What needs to be done: Output only an exact transcription of the line containing "Mercedes-Benz E-Class 2023" and all lines that follow it in the data below.

***** Source material

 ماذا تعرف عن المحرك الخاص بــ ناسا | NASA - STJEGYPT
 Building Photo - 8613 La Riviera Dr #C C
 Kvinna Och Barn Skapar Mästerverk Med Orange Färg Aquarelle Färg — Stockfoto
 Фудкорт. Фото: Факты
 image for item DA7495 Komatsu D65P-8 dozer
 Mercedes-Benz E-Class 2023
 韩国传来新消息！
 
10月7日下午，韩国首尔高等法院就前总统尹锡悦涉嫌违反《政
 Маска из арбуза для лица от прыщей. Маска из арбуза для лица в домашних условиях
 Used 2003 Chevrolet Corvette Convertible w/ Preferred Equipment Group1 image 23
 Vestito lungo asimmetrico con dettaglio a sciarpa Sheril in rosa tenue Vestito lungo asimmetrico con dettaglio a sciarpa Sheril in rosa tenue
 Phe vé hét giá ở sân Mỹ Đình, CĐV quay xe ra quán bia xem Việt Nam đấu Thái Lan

**********

Response to this exercise:
 Mercedes-Benz E-Class 2023
 韩国传来新消息！
 
10月7日下午，韩国首尔高等法院就前总统尹锡悦涉嫌违反《政
 Маска из арбуза для лица от прыщей. Маска из арбуза для лица в домашних условиях
 Used 2003 Chevrolet Corvette Convertible w/ Preferred Equipment Group1 image 23
 Vestito lungo asimmetrico con dettaglio a sciarpa Sheril in rosa tenue Vestito lungo asimmetrico con dettaglio a sciarpa Sheril in rosa tenue
 Phe vé hét giá ở sân Mỹ Đình, CĐV quay xe ra quán bia xem Việt Nam đấu Thái Lan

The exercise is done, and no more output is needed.